Auf unserem ersten Album haben wir zum Beispiel einen Song von „The Cure“ gecovert, und ich erinnere mich, dass wir das alles nur zu unserem eigenen Vergnügen gemacht haben. Wir haben uns nicht gefragt, was Robert Smith davon halten würde. Sonst hätten wir den Song wahrscheinlich nie fertigbekommen.
Was ist aber notwendig auf der rein formalen Ebene, bei Copyright-Fragen?
Libaux: Nichts, weil wir das sogenannte Autorenrecht (Eng: Author’s Right), das Recht am Songwriting, nicht berühren. Das heißt auch, wenn der Song in unserer Version im Radio oder im TV läuft gehen 100 Prozent der Tantiemen an den Original-Künstler.
Und woran verdienen Sie?
Libaux: Wir verdienen nur am Verkauf der Platten und an den Konzerten.
Wie ist es bei Werbung?
Libaux: Wenn ein Song für eine Werbung zum Beispiel im Fernsehen verwendet wird, dann bekommen wir einen prozentualen Anteil, das wird dann mit dem jeweiligen Original-Publisher ausgehandelt.
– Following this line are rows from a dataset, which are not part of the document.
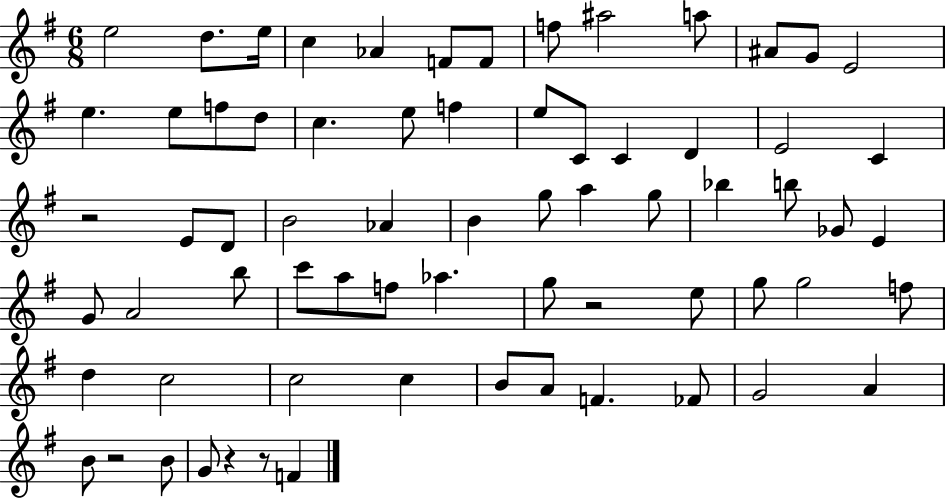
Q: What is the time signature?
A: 6/8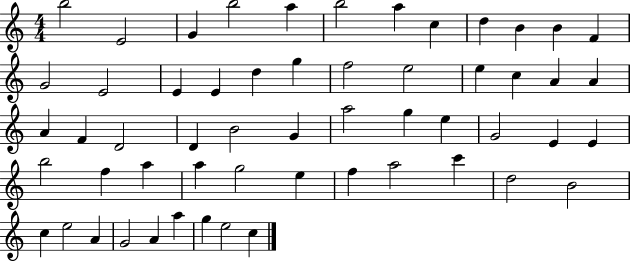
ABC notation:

X:1
T:Untitled
M:4/4
L:1/4
K:C
b2 E2 G b2 a b2 a c d B B F G2 E2 E E d g f2 e2 e c A A A F D2 D B2 G a2 g e G2 E E b2 f a a g2 e f a2 c' d2 B2 c e2 A G2 A a g e2 c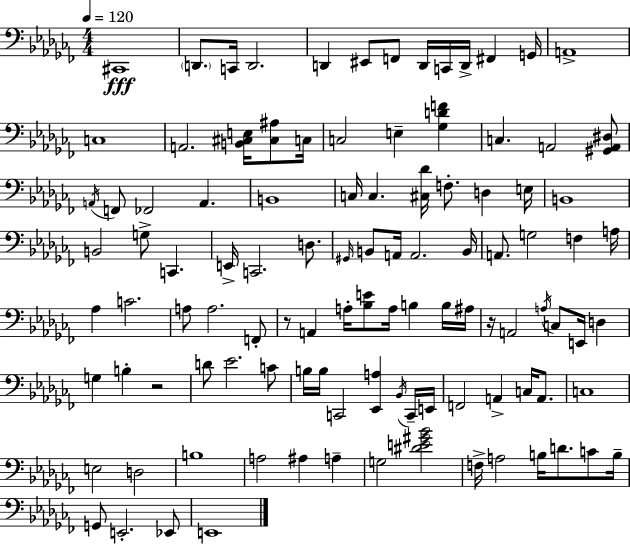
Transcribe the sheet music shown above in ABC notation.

X:1
T:Untitled
M:4/4
L:1/4
K:Abm
^C,,4 D,,/2 C,,/4 D,,2 D,, ^E,,/2 F,,/2 D,,/4 C,,/4 D,,/4 ^F,, G,,/4 A,,4 C,4 A,,2 [B,,^C,E,]/4 [^C,^A,]/2 C,/4 C,2 E, [_G,DF] C, A,,2 [^G,,A,,^D,]/2 A,,/4 F,,/2 _F,,2 A,, B,,4 C,/4 C, [^C,_D]/4 F,/2 D, E,/4 B,,4 B,,2 G,/2 C,, E,,/4 C,,2 D,/2 ^G,,/4 B,,/2 A,,/4 A,,2 B,,/4 A,,/2 G,2 F, A,/4 _A, C2 A,/2 A,2 F,,/2 z/2 A,, A,/4 [_B,E]/2 A,/4 B, B,/4 ^A,/4 z/4 A,,2 A,/4 C,/2 E,,/4 D, G, B, z2 D/2 _E2 C/2 B,/4 B,/4 C,,2 [_E,,A,] _B,,/4 C,,/4 E,,/4 F,,2 A,, C,/4 A,,/2 C,4 E,2 D,2 B,4 A,2 ^A, A, G,2 [^DE^G_B]2 F,/4 A,2 B,/4 D/2 C/2 B,/4 G,,/2 E,,2 _E,,/2 E,,4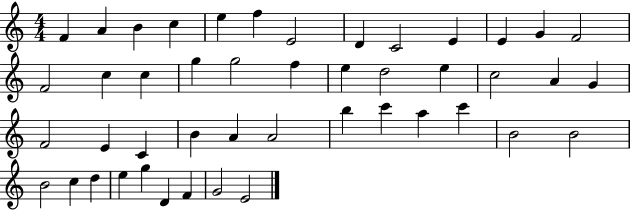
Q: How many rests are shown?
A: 0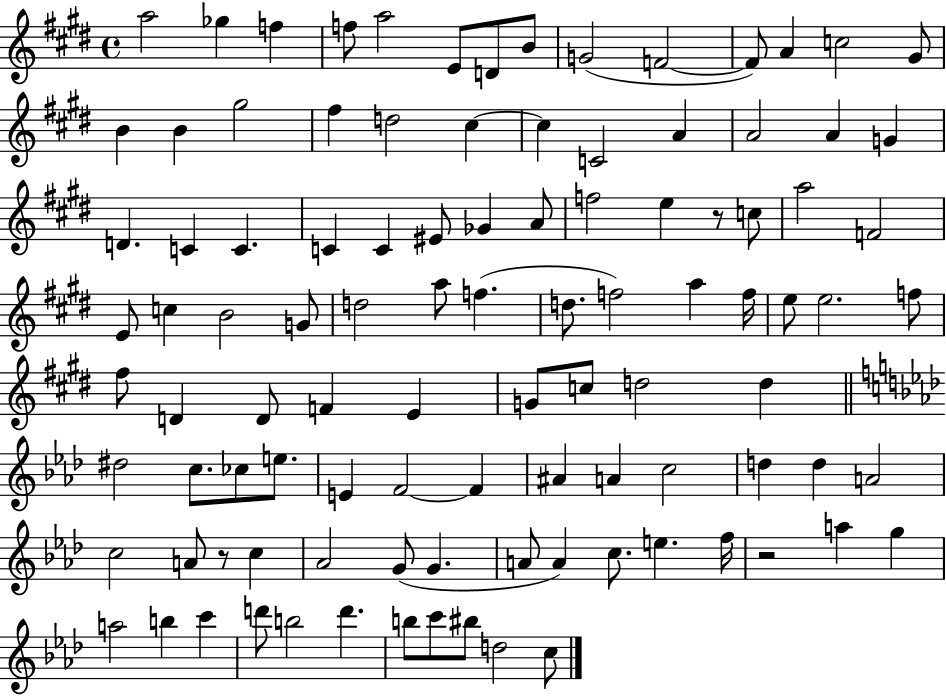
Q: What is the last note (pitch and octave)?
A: C5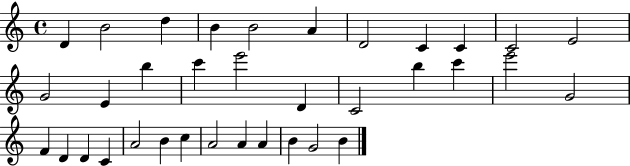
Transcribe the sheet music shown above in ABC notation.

X:1
T:Untitled
M:4/4
L:1/4
K:C
D B2 d B B2 A D2 C C C2 E2 G2 E b c' e'2 D C2 b c' e'2 G2 F D D C A2 B c A2 A A B G2 B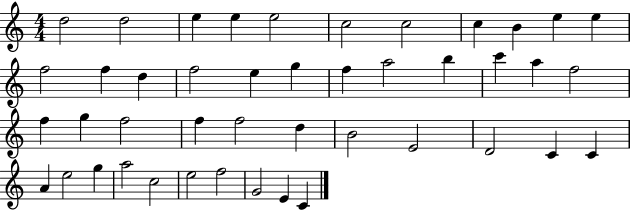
{
  \clef treble
  \numericTimeSignature
  \time 4/4
  \key c \major
  d''2 d''2 | e''4 e''4 e''2 | c''2 c''2 | c''4 b'4 e''4 e''4 | \break f''2 f''4 d''4 | f''2 e''4 g''4 | f''4 a''2 b''4 | c'''4 a''4 f''2 | \break f''4 g''4 f''2 | f''4 f''2 d''4 | b'2 e'2 | d'2 c'4 c'4 | \break a'4 e''2 g''4 | a''2 c''2 | e''2 f''2 | g'2 e'4 c'4 | \break \bar "|."
}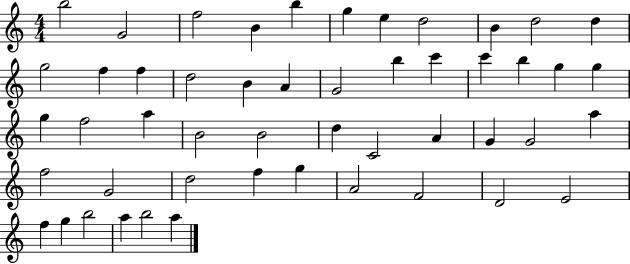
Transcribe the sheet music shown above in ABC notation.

X:1
T:Untitled
M:4/4
L:1/4
K:C
b2 G2 f2 B b g e d2 B d2 d g2 f f d2 B A G2 b c' c' b g g g f2 a B2 B2 d C2 A G G2 a f2 G2 d2 f g A2 F2 D2 E2 f g b2 a b2 a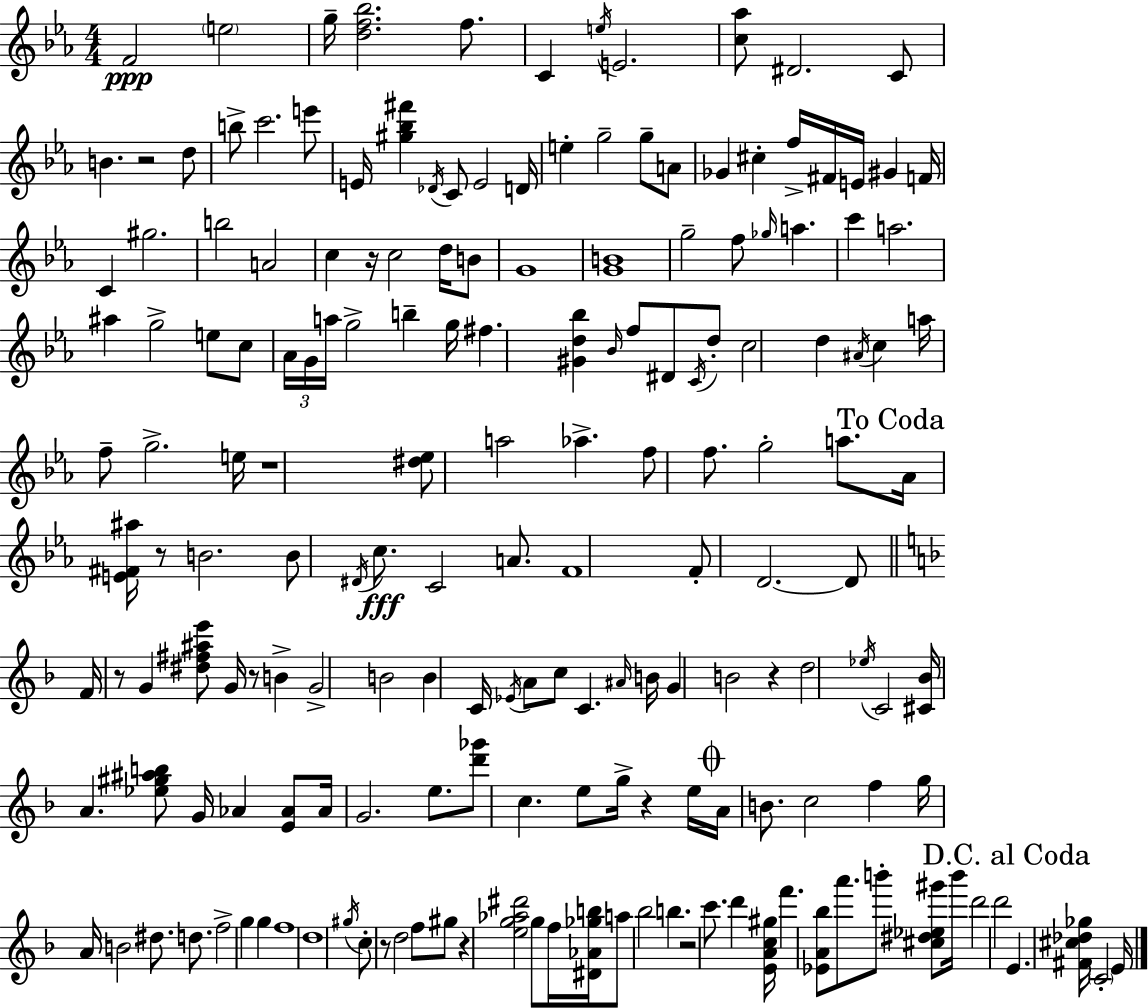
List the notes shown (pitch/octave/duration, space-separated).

F4/h E5/h G5/s [D5,F5,Bb5]/h. F5/e. C4/q E5/s E4/h. [C5,Ab5]/e D#4/h. C4/e B4/q. R/h D5/e B5/e C6/h. E6/e E4/s [G#5,Bb5,F#6]/q Db4/s C4/e E4/h D4/s E5/q G5/h G5/e A4/e Gb4/q C#5/q F5/s F#4/s E4/s G#4/q F4/s C4/q G#5/h. B5/h A4/h C5/q R/s C5/h D5/s B4/e G4/w [G4,B4]/w G5/h F5/e Gb5/s A5/q. C6/q A5/h. A#5/q G5/h E5/e C5/e Ab4/s G4/s A5/s G5/h B5/q G5/s F#5/q. [G#4,D5,Bb5]/q Bb4/s F5/e D#4/e C4/s D5/e C5/h D5/q A#4/s C5/q A5/s F5/e G5/h. E5/s R/w [D#5,Eb5]/e A5/h Ab5/q. F5/e F5/e. G5/h A5/e. Ab4/s [E4,F#4,A#5]/s R/e B4/h. B4/e D#4/s C5/e. C4/h A4/e. F4/w F4/e D4/h. D4/e F4/s R/e G4/q [D#5,F#5,A#5,E6]/e G4/s R/e B4/q G4/h B4/h B4/q C4/s Eb4/s A4/e C5/e C4/q. A#4/s B4/s G4/q B4/h R/q D5/h Eb5/s C4/h [C#4,Bb4]/s A4/q. [Eb5,G#5,A#5,B5]/e G4/s Ab4/q [E4,Ab4]/e Ab4/s G4/h. E5/e. [D6,Gb6]/e C5/q. E5/e G5/s R/q E5/s A4/s B4/e. C5/h F5/q G5/s A4/s B4/h D#5/e. D5/e. F5/h G5/q G5/q F5/w D5/w G#5/s C5/e R/e D5/h F5/e G#5/e R/q [E5,G5,Ab5,D#6]/h G5/e F5/s [D#4,Ab4,Gb5,B5]/s A5/e Bb5/h B5/q. R/h C6/e. D6/q [E4,A4,C5,G#5]/s F6/q. [Eb4,A4,Bb5]/e A6/e. B6/e [C#5,D#5,Eb5,G#6]/e B6/s D6/h D6/h E4/q. [F#4,C#5,Db5,Gb5]/s C4/h E4/s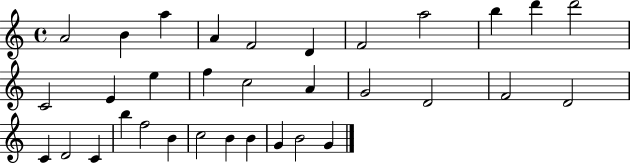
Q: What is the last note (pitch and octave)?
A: G4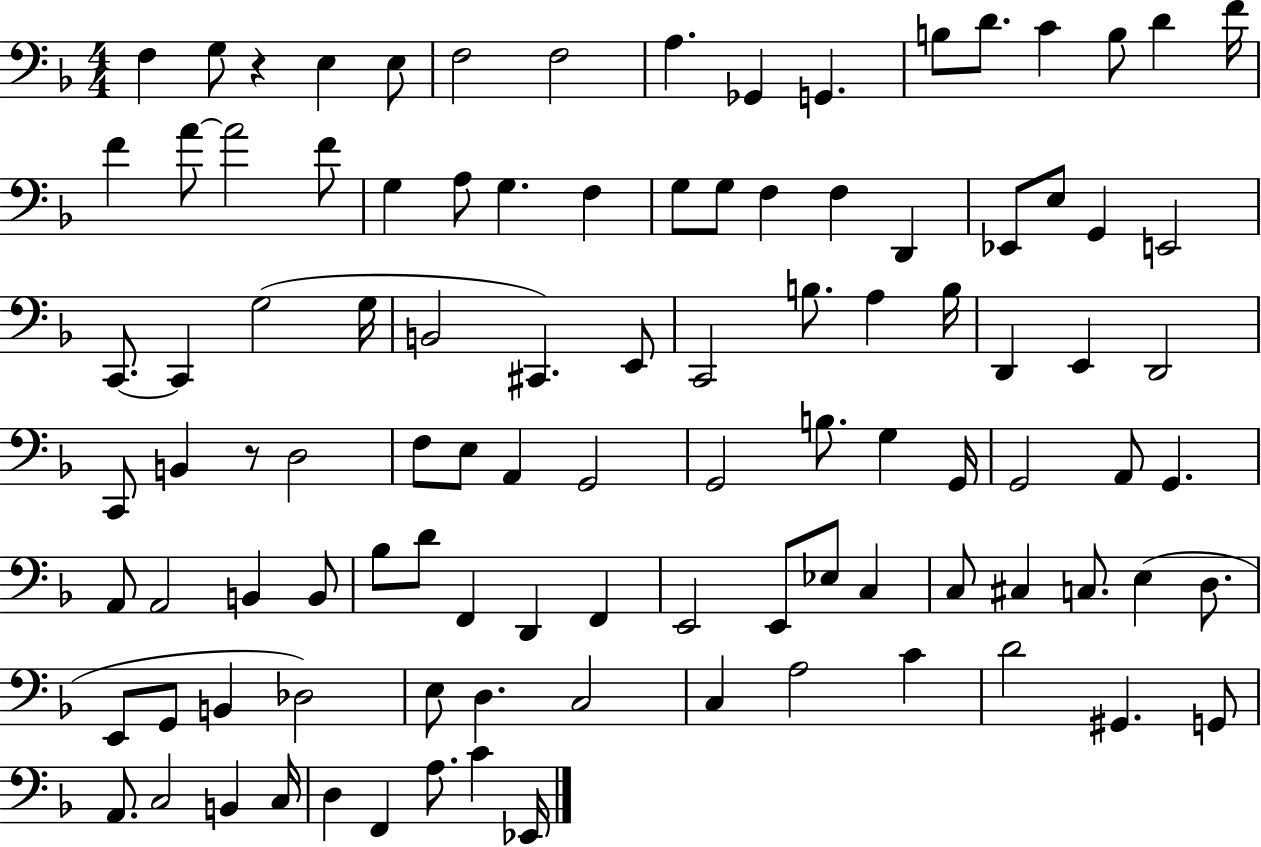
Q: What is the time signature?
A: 4/4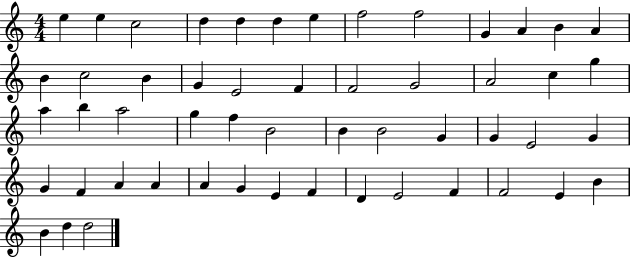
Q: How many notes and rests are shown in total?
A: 53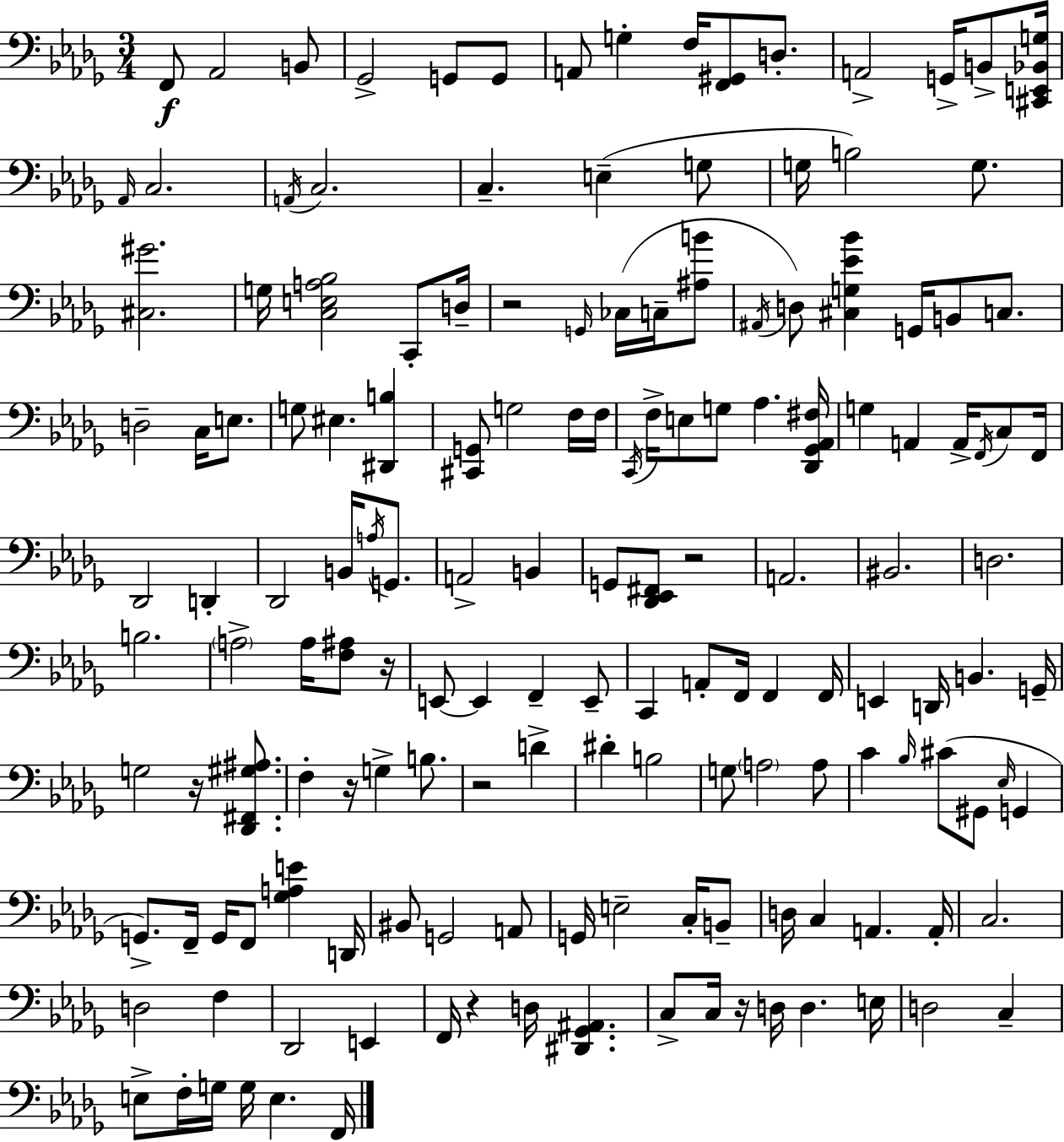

Gibt es theoretisch eine Möglichkeit, für einen Original-Interpreten, Ihnen eine Coverversion zu untersagen?
Libaux: Es gibt ein Risiko, ja, das kann passieren. Wenn ein Künstler wirklich sauer ist und uns verklagen will…
Doch das geschieht offenbar alles im Nachhinein. Vorher fragt man nicht.
Libaux: Wir haben darüber nachgedacht, ganz am Anfang. Und wir kamen zu dem Schluss: Wenn wir das tun müssten, jeden Original-Künstler und Verlag um eine Erlaubnis zu bitten, dann würde kein einziges Nouvelle Vague-Album existieren. Weil das wahrscheinlich zehn Jahre brauchen würde. Sie können sich das nicht vorstellen, wie schwierig das ist. Viele der Songs der damaligen Zeit sind Teil von Rechtekatalogen, die erst von hier nach da verkauft wurden, dann wieder dorthin – da kann es passieren, dass Sie am Ende niemanden finden, der weiß, wer jetzt für diesen einen Song zuständig ist.
Wir haben einen Song von "The Cure" gecovert. Wir haben uns aber nicht gefragt, was Robert Smith davon halten würde.
Aber normalerweise müssten Sie fragen?
Libaux: Das hängt vom Land ab. In Frankreich kannst du jeden Song covern, den du willst. Der einzige Punkt ist, und das ist sehr wichtig, dass du den Originalkünstler angibst und respektvoll mit seinem Werk umgehst, dass du die Melodie respektierst und die Texte. Also verändern wir alles, außer die Melodie und den Text. Und wir sind sehr respektvoll dem Künstler gegenüber.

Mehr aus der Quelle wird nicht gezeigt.